Disc Herniation TRAUMATIC, Disc Bulge DEGENERATIVE

Disc Herniation TRAUMATIC, Disc Bulge DEGENERATIVE



There continues to be significant debate in the medical-legal arena in relating imaging findings to CAUSALITY. When there is a traumatic event and clinical findings indicate the need for MRI, correlating those objective findings to the event is what causality is all about. A paper by Fardon and Milette (2001) sought to unify the naming (nomenclature) of disc pathology. They went to great lengths to include every possible type of disc appearance and what they looked like on MRI. The problem is that radiologists are only concerned with how things “look,” also called morphology. The academic side of radiology has names for every possible configuration of disc pathology, but in the medical-legal world, we are concerned with only ONE thing… If there is disc pathology present, is it related to the traumatic event or was it pre-existing? That is it… the problem is that many in the medical-legal community continue to try and find answers about how the disc pathology “looks” (morphology) instead of how it was “caused” (etiology). Think of it this way; morphology is the noun and etiology is the verb. You can spend an eternity reading radiology research, but it is only focused on morphology. That is why there is so much debate. We are trying to turn a noun, morphology, into a verb, etiology, and it is causing confusion.

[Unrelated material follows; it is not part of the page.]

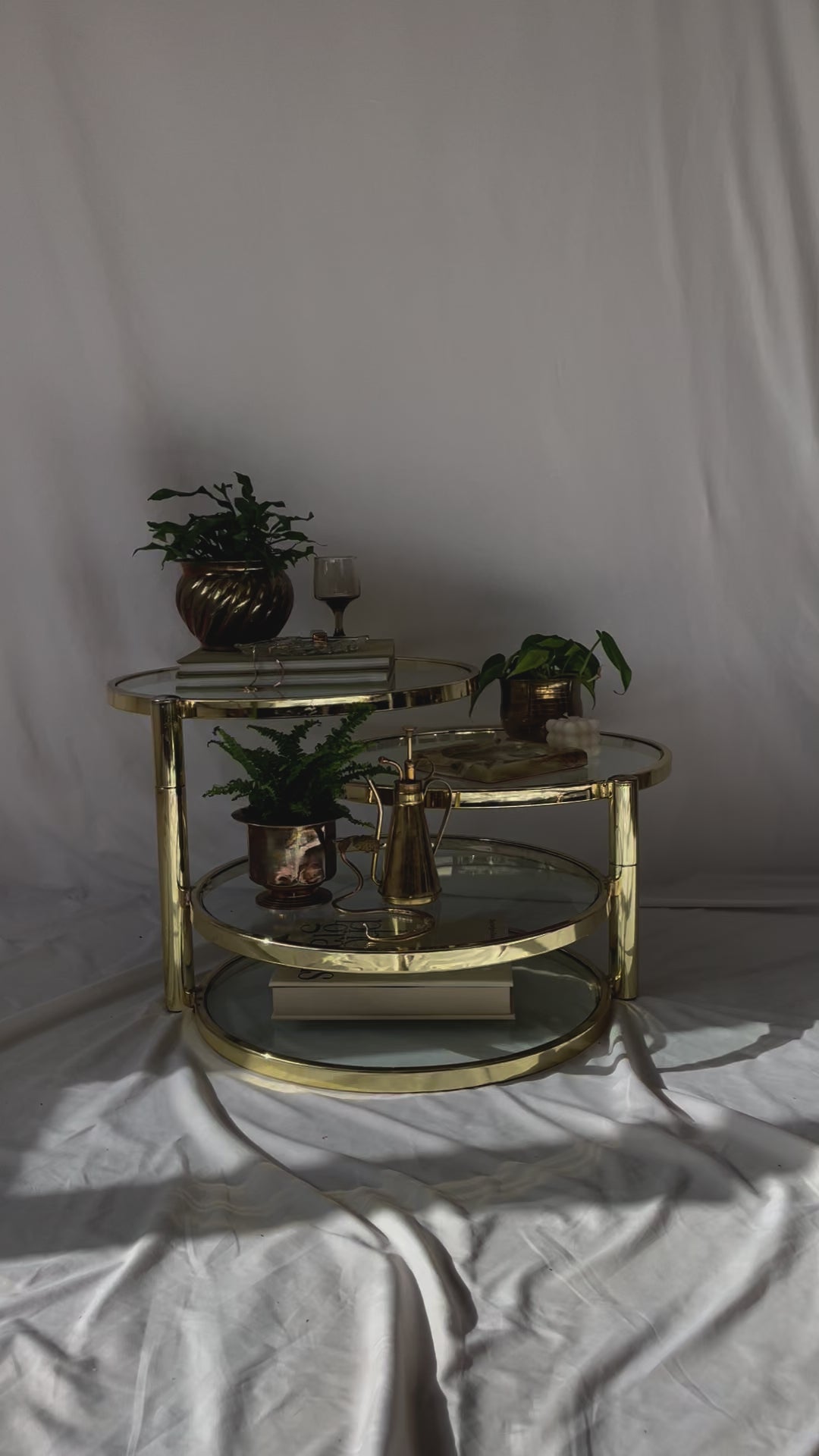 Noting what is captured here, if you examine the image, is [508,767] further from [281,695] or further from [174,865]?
[174,865]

When we get down to the foundation of identifying and documenting causality related to the intervertebral disc, there is a special set of circumstances that needs to be identified and learned; how the intervertebral disc “responds” to biomechanical forces. What that means is what marker is associated with a single burst of energy through the disc such as in a car accident or fall, and what marker is present when the disc is subjected to forces a little at a time over a long period, as in a degenerative disc? The marker we are looking for is a tear in the annulus fibrosis. This can be identified either by seeing the tear on MRI or discogram or by how the disc behaves in the presence of a tear. Any type of tear can change the shape of the disc. If we look at etiology, there are two main causation categories of annular tearing, traumatic and degenerative. When we look at morphology, there are many.

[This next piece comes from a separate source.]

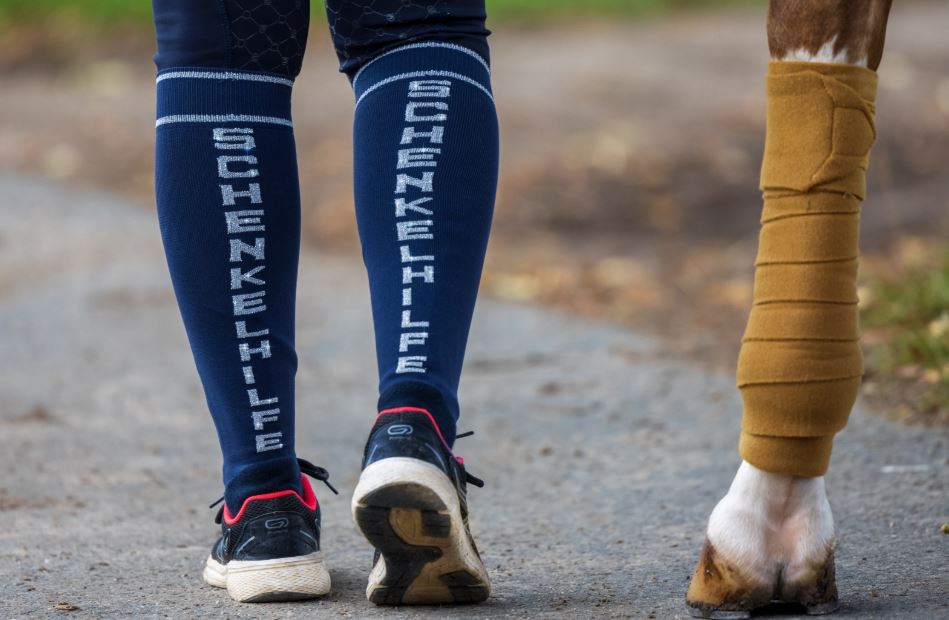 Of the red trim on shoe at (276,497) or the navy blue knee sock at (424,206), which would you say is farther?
the red trim on shoe at (276,497)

The two types of etiological tears in the annulus fibrosis are radial and circumferential. Radial tears are produced by a burst of energy through the disc causing a tear through the many layers or bands of the annulus fibrosis. These result in a DISC HERNIATION. A circumferential tear occurs when the disc is exposed to sustained forces and there is a separation of the layers of the annulus fibrosis. This causes a DISC BULGE. This is a key factor in the association of clinical relevance to determining causality. In a study by Fazzalari and Manthey (1997) an investigation into the nature of annular tearing is done. The authors state, “No correlation was found between radiating tears and other types of anulus disease, such as rim lesions or concentric tears, indicating that these three types of anulus tears are independent pathological processes.” (Vernon-Roberts, Fazzalari, & Manthey, 1997, p. 2643). The concept that a radial tear resulting in disc herniation is not related to degenerative changes was substantiated by the authors stating, “Importantly, the proposition that concentric tears enlarge and coalesce to form radiating tears was not substantiated by our results” (Vernon-Roberts, Fazzalari, & Manthey, 1997, p. 2643). When correlating causality to bodily injury, clinicians that understand how the disc responds to traumatic forces are the key to proper triage and care of the injured.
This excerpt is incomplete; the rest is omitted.